By Steven Lang July 28, 2015
From enabling clients to sign documents remotely, to reducing by half the time spent on compliance, financial advisors are creating and refining paperless practices to become more profitable, compete with robo services and better attract, serve and retain clients.
Going paperless means trading in all the paper forms your practice used in the past and replacing them with technology that provides for online forms that can then be saved to the cloud and retrieved for use, modification and signing by clients and advisors alike.
There’s no part of the practice that isn’t benefiting from paperless efficiencies. Gone are file cabinets stuffed with regulation-required paperwork. Printing and mailing costs are eliminated. Advisors get remote comprehensive access to all client notes and forms. And clients reap the reward in a number of ways, including quicker turnaround because of electronic immediacy and the ability to read or sign a document hundreds of miles away from the advisor’s office.
Enhanced paperless operation is one of the reasons Las Vegas-based Wealth Consulting Group chose LPL Financial as its broker-dealer last year, says managing partner Marlo Stil. “We have relieved ourselves and our clients of the nightmare of paper,” she tells FA-IQ. LPL’s technology enabled the practice to adopt electronic signatures, which now let the Group open and activate an account in 24 hours. The practice can now transfer assets the next day, a long way from the 10 days it took them before.
About six months ago, Wealth Consulting Group, which manages $400 million, finished storing all client documents digitally — thanks to LPL-provided services — and now practice members can retrieve any client doc remotely, Stil says. “We had an entire room of paper before this.” Compliance man-hours also are halved by paperless records, she says. The practice can produce docs and find all necessary paperwork much quicker by calling it up on a computer screen instead of dispatching an assistant to retrieve different compliance- related docs time after time.
To Stil’s surprise, staff and older clients have hewed easily to Wealth Consulting Group’s paperless push. Adaptability to a paperless office is based on changing habits, not age, she says. And once senior clients were given tutorials, they were easily able to adapt to paperless statements, e-signatures and remote meetings.
Still, it can take a lot of man-hours to convert a practice to a paperless environment, according to Michael Chadwick, CEO of Chadwick Financial Advisors and Place Financial Advisors, which together manage $150 million. He says it took three employees six months to scan all his practices’ papers and convert them to digital. He estimates the task cost $20,000, and it took about a year to recoup the cost through greater efficiencies linked to going paperless. Now he reinvests most of the money saved from the conversion and still enjoys a margin increase of “1% or maybe 2%.”
Most of his competitors have not yet gone digital and probably never will, he says. “They think they’ll be out in 10 years, so why bother?”
While paperless migration has many benefits, one concern advisors might have is whether the cost of the upgrade will come back to bite them if they sell or merge down the road.

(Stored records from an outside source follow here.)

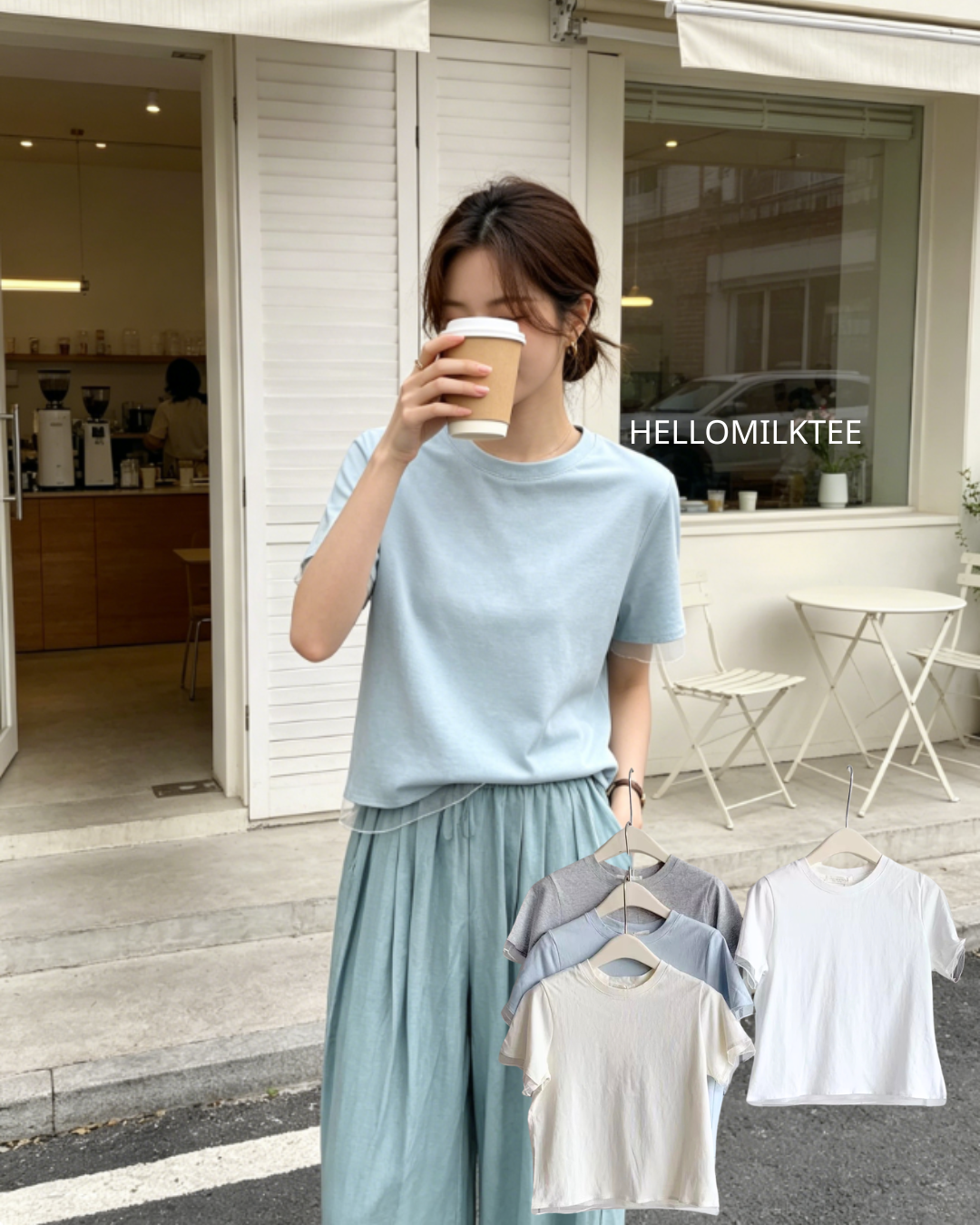 HELLO MILK TEE- 86621  拼接蕾絲衫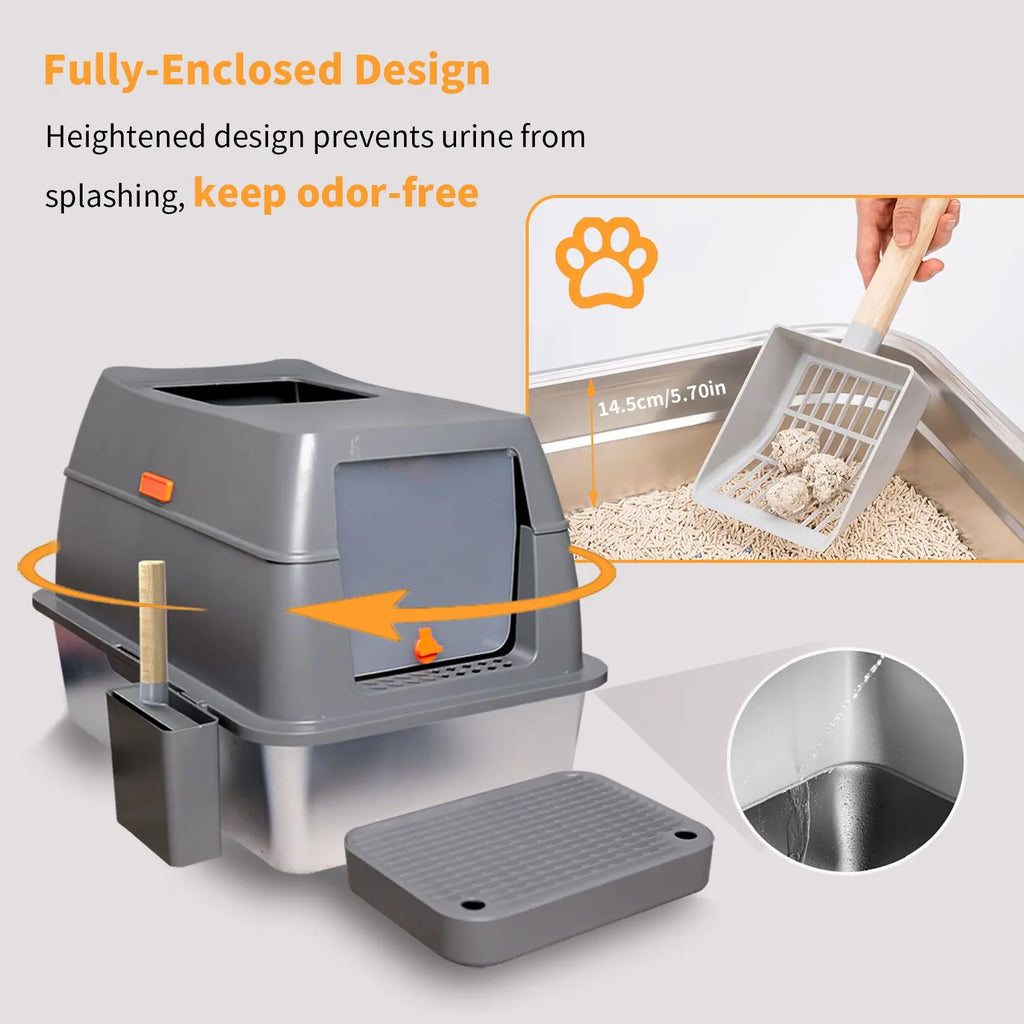 Bingopaw Cat Litter Box with Lid, Enclosed Potty, Large Top Entry Anti-Splashing Toilet, Easy to Clean Including Litter Scoop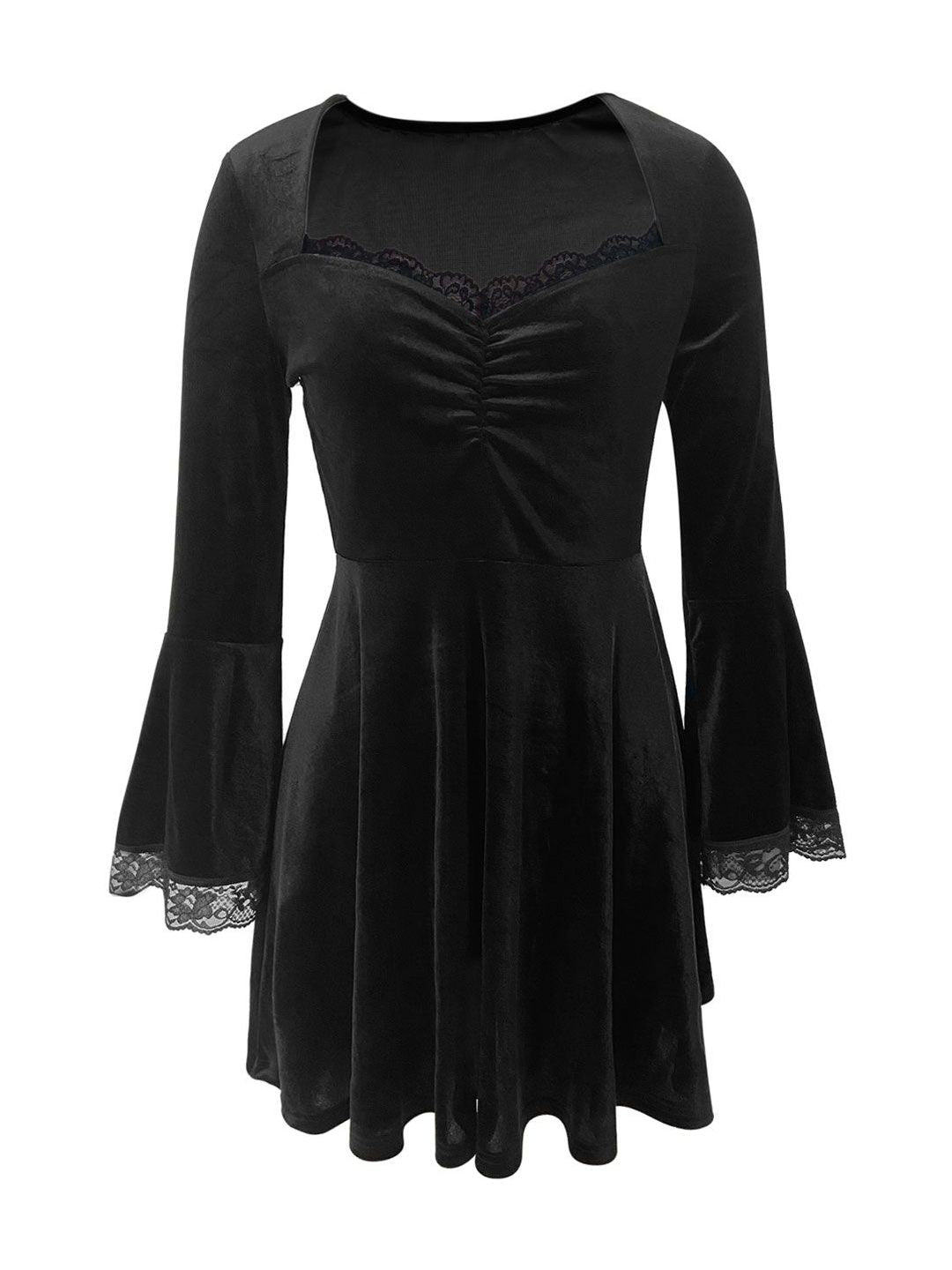 Women's Black Flared Sleeve Ruffled Fit & Flare Dress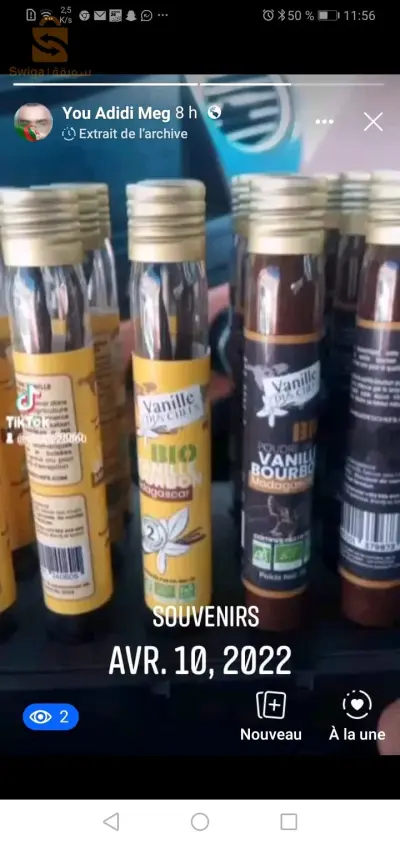 Gousse de vanille et Poudre de gousse de vanille plus l, extrait de gousse de vanille plus les boissons N, egoues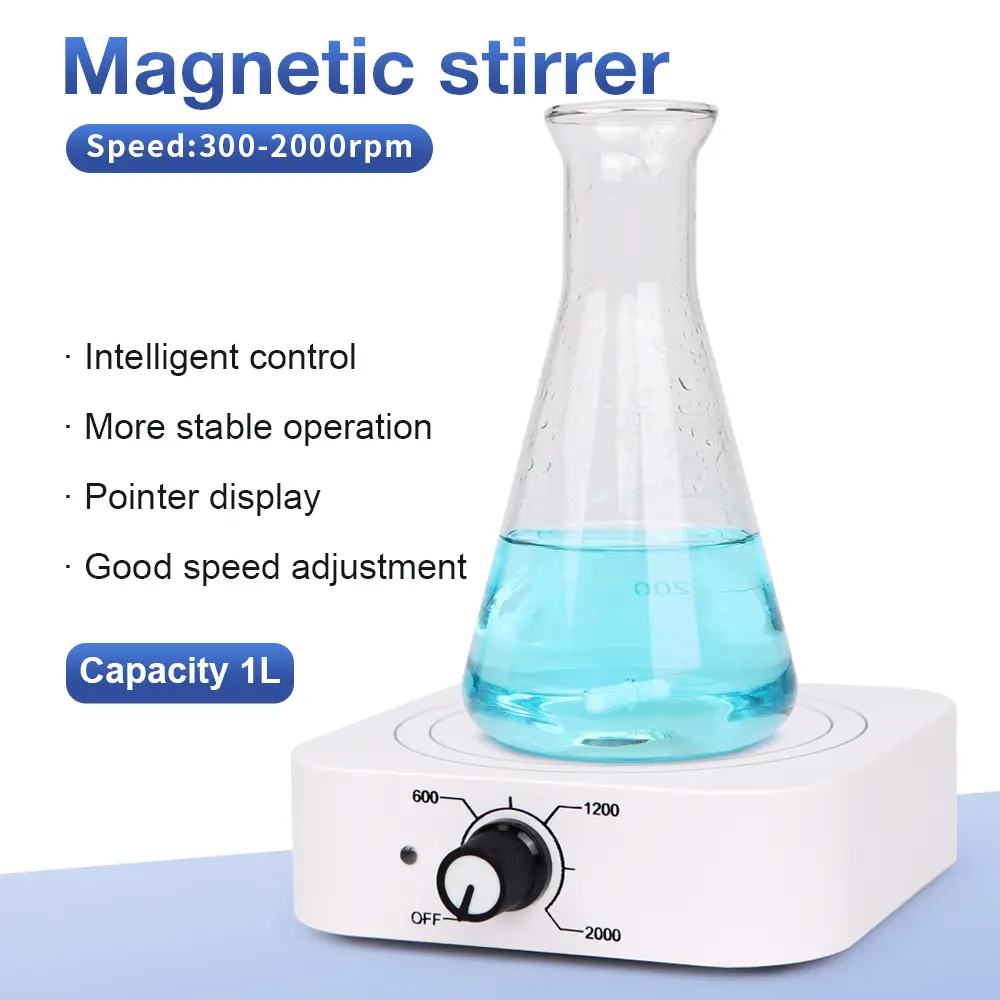 W601 Mini Magnetic Stirrer Perfumes Mixer Laboratory Supplies 1000ml Agitators Stirrers Machine Small Stirring 300-2000RPM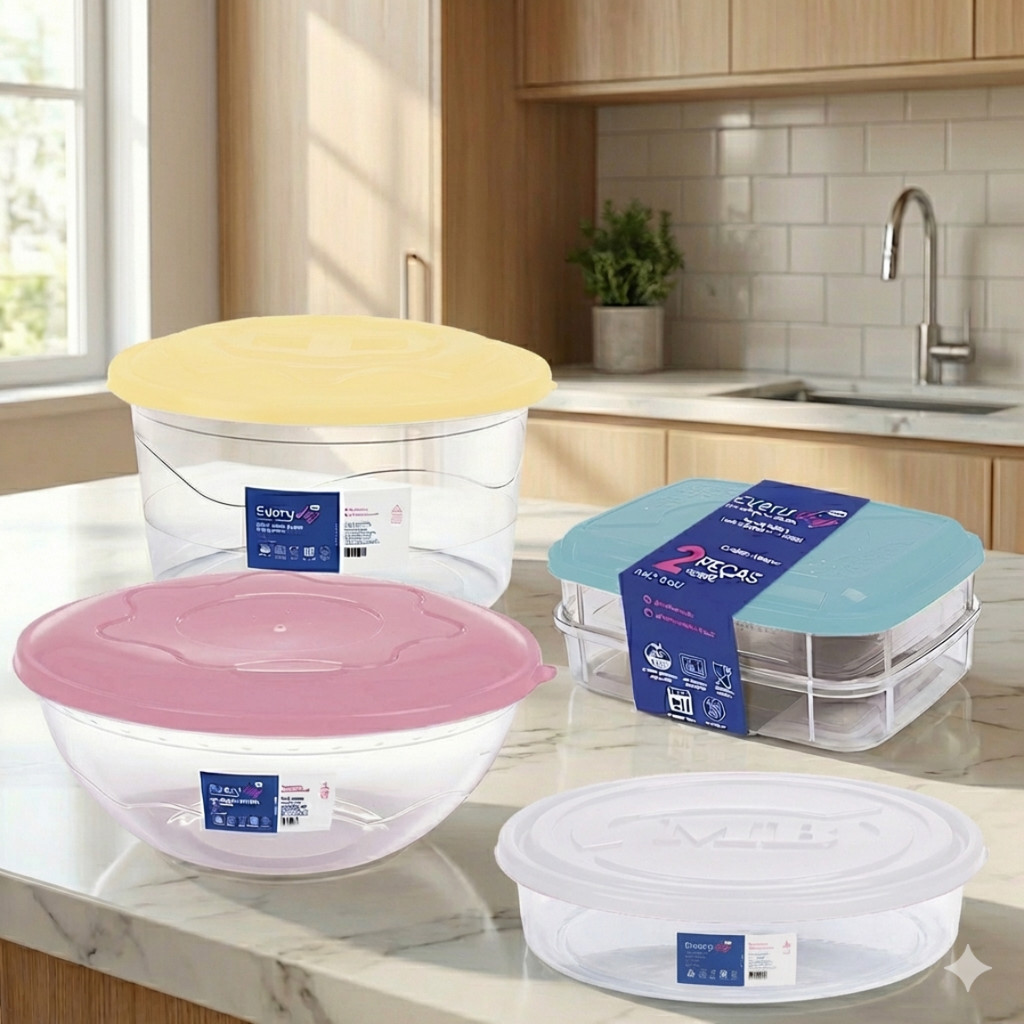Kit Potes Mantimentos Plástico Premium 4 Peças Porta Frios Duplo Saladeira Grande Torteira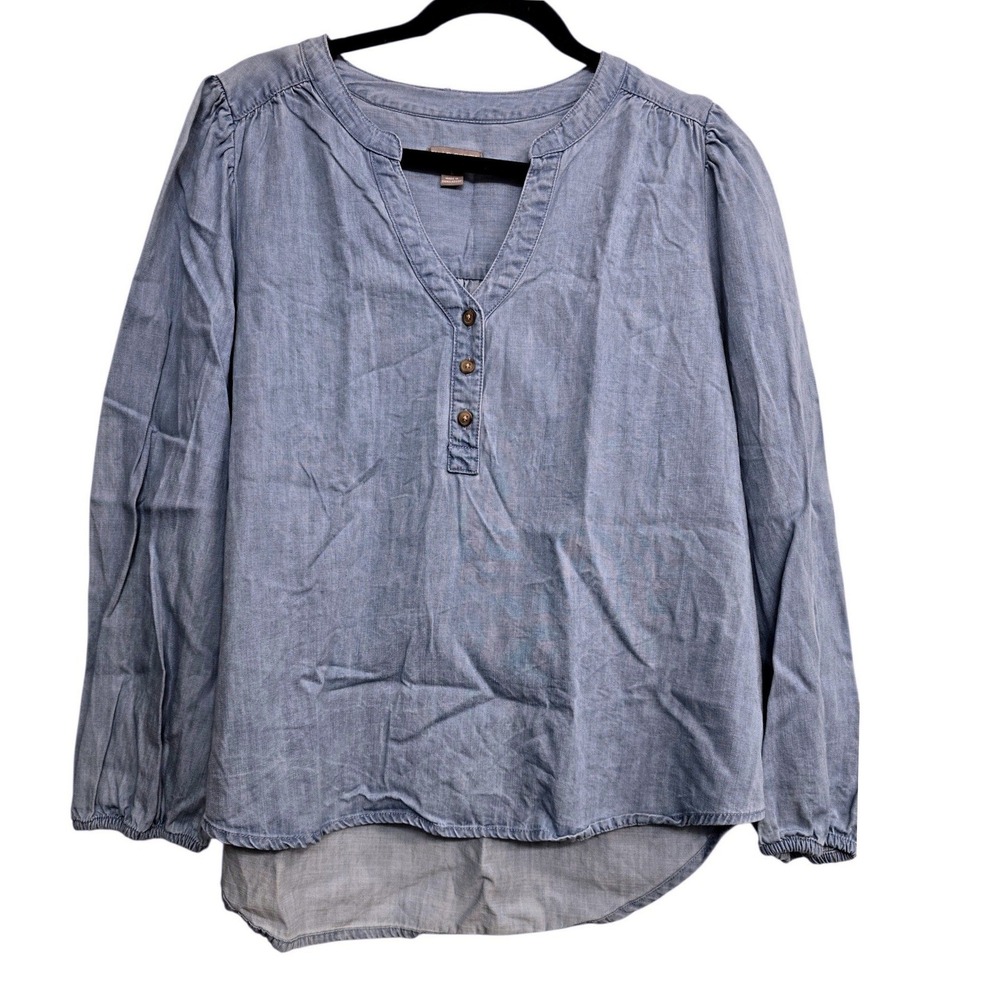 Falls Creek Chambray Blouse Womens Large Blue Boho Minimalist Capsule Wardrobe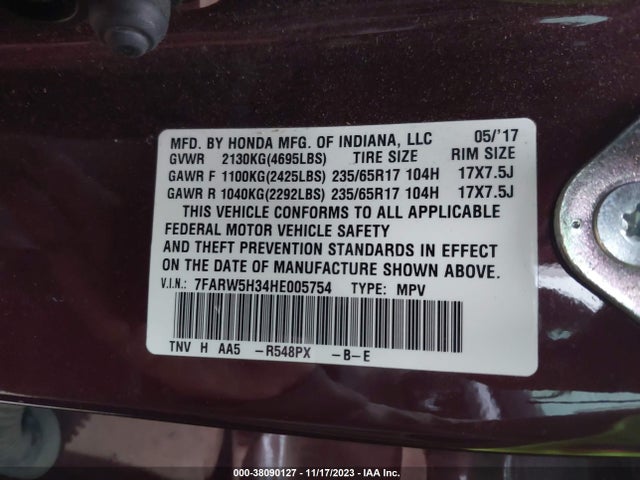 Honda CR-V LX 2017 7FARW5H34HE005754 Image 9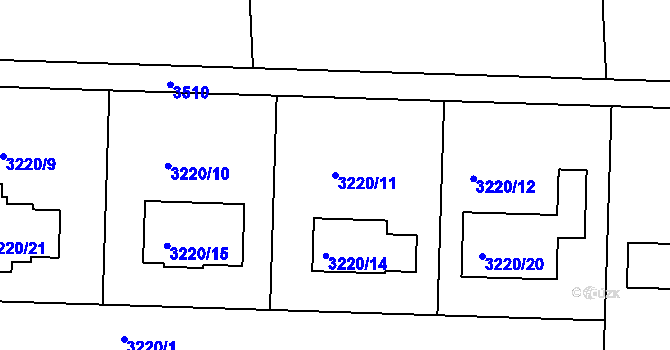 Parcela st. 3220/11 v KÚ Újezd u Žďáru nad Sázavou, Katastrální mapa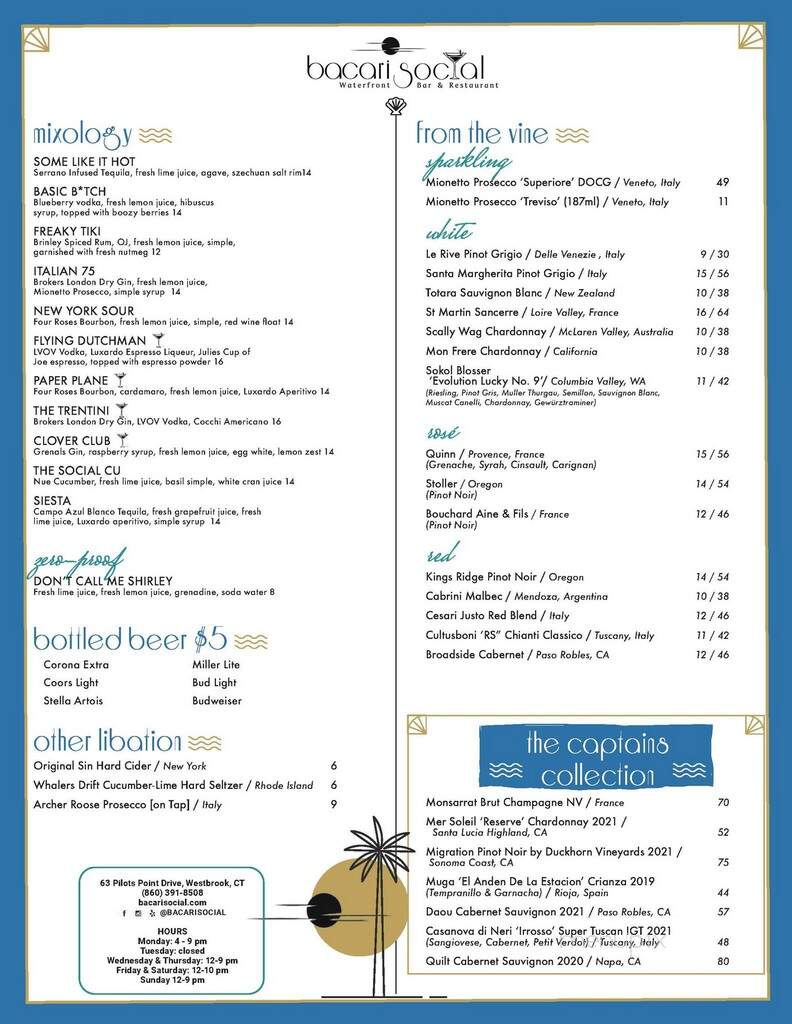 Bacari Social - Westbrook, CT menu_pic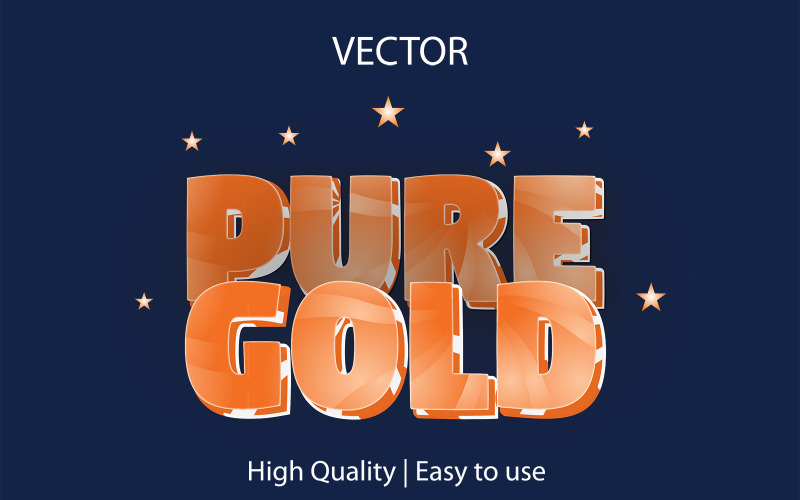 czyste złoto | Czyste złoto 3D | Edytowalny efekt tekstowy wektora | Efekt Tekstowy Premium Wektor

Not to worry, says Scott Houston, founder and managing director of adviserXchange, an Oxford, Ala. company that helps small- to midsize financial and investment advisors sell or transition their financial practices.
“I’ve never seen tech incompatibility kill a deal” he says, although he has seen slowdowns a couple of times.
Although two firms often don’t have compatible technologies, it’s never been a deal breaker. “They figure out a way,” Houston says. “Tech can be expensive; and if all integrated flawlessly, it would be a perfect world. But, of course, it’s not.”
To make your firm ready to tangle with tech changes, Brian Merrill, partner at Houston-
based,Tanglewood Wealth Management, which manages $850 million, suggests making tech proficiency one of the skills you look for in new hires. “That’s why we hire younger talent instead of others more set in their ways,” he says. “It comes down to the people you have.”